As shown by the results of this study, riboflavin deficiency is a common cause of GR deficiency in the Saudi population. There may be several causes of this, the most common being nutritional habits and gastrointestinal problems. However, since these problems were not assessed in our investigations, we were unable to confirm the actual cause of riboflavin deficiency in Saudis. The former leads to nutritional deficiency of riboflavin because of insufficient intake; the latter causes nutritional riboflavin deficiency because of decreased absorption in the gastrointestinal tract [17]. We believe that both these causes may play a role in affecting GR activity in Saudis and hence lead to a state of GR deficiency. Furthermore, riboflavin deficiency was significantly more prevalent in the females than males.

Some genetic variants of GR (phenotypes produced due to mutations in the GR gene) with reduced activity were also found in Saudis, although no case of complete deficiency was encountered. This would suggest that the GR variant in Saudis has only slightly reduced activity and hence may not be an important cause of haemolytic anaemia in this population. Several sporadic cases have been reported of individuals with partial GR deficiency suffering from haemolytic anaemias resulting from ingestion of sulfoxone or 8-amino-quinolines [2,18].
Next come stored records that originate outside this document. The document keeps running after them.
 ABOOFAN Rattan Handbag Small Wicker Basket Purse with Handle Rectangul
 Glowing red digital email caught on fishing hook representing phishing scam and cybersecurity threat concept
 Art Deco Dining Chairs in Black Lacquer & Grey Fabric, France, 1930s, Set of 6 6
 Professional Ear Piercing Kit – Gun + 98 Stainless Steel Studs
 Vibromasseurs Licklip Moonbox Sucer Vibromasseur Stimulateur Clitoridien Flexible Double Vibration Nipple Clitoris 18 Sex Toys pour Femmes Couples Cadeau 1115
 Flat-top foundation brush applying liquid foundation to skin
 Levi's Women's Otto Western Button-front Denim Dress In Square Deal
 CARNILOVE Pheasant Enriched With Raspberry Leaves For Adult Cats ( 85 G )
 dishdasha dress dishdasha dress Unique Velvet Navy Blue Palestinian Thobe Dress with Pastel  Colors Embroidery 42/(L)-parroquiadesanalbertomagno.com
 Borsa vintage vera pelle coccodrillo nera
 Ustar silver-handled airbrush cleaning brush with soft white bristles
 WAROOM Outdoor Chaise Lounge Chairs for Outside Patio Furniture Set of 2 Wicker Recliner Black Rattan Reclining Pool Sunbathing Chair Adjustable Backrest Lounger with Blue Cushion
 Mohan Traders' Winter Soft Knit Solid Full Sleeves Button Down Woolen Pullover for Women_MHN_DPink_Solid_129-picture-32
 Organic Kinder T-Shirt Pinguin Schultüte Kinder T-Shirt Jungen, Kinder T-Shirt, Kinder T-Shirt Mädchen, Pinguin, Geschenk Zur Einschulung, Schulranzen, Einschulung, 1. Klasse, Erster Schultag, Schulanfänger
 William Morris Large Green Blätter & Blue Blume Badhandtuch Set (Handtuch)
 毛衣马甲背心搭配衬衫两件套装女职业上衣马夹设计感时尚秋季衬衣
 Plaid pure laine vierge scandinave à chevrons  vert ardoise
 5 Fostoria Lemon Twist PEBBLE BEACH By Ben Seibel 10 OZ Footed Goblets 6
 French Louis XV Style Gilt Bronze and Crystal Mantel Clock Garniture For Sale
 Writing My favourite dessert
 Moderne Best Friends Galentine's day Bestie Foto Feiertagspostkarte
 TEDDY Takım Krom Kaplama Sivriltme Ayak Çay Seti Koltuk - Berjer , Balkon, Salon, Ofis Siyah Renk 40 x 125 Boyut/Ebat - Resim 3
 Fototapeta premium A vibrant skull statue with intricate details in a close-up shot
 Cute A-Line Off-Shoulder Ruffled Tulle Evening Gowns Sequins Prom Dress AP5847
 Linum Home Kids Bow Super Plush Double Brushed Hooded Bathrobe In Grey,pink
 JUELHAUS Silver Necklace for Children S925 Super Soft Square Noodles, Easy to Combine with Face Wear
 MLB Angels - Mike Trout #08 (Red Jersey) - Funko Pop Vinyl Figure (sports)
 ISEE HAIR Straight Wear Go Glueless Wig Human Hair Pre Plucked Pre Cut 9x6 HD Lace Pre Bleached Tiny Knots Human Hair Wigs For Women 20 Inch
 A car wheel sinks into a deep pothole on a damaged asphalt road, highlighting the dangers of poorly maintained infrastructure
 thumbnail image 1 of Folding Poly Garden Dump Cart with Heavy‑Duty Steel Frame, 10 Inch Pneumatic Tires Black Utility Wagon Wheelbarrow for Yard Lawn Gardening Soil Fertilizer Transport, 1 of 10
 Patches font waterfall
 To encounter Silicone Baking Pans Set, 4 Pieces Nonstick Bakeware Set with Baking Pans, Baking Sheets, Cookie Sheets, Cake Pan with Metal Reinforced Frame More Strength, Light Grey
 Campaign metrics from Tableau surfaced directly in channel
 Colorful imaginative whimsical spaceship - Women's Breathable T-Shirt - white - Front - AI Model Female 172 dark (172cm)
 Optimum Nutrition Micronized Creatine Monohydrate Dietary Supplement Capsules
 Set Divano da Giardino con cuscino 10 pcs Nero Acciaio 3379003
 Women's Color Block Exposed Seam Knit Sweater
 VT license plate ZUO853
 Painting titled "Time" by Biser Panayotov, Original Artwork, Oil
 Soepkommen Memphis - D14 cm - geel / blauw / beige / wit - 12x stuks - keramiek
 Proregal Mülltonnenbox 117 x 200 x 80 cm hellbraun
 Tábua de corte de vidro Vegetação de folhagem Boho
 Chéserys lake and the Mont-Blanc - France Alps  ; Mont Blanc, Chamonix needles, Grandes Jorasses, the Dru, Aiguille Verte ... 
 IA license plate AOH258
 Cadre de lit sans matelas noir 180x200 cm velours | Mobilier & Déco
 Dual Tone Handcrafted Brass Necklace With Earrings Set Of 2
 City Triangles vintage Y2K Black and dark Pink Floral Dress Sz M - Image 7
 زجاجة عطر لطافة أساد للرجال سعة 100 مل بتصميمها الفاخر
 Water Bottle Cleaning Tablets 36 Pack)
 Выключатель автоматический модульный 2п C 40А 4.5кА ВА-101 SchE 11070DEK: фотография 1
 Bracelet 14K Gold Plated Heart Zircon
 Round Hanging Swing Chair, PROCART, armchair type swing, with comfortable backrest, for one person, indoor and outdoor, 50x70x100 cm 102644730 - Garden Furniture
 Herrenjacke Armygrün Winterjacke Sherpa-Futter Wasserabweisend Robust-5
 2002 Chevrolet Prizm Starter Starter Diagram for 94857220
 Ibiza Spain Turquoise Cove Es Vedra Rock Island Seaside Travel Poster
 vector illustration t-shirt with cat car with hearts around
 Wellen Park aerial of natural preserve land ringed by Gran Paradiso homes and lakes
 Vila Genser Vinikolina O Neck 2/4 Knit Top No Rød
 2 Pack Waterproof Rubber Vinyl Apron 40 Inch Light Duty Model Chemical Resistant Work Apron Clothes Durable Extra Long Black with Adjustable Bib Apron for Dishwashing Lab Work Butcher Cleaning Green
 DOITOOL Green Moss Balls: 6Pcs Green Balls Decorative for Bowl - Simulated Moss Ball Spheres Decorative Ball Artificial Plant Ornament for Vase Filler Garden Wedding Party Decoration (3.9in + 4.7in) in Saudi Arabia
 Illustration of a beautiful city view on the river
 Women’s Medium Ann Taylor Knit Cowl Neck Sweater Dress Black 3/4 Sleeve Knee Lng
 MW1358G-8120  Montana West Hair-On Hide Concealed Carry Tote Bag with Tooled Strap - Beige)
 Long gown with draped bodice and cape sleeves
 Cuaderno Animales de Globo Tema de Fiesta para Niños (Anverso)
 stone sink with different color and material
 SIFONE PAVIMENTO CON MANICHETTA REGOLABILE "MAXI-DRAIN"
An interesting finding was the significant variation in the frequency of GR deficiency due to genetic causes in the different regions of Saudi Arabia. The greatest prevalence of GR deficiency was found in Gizan in both males and females, followed by Al-Hafouf in Eastern Province. Lower values were encountered in Riyadh and Khaiber. These differences may be due to the presence of genetic variations between these populations.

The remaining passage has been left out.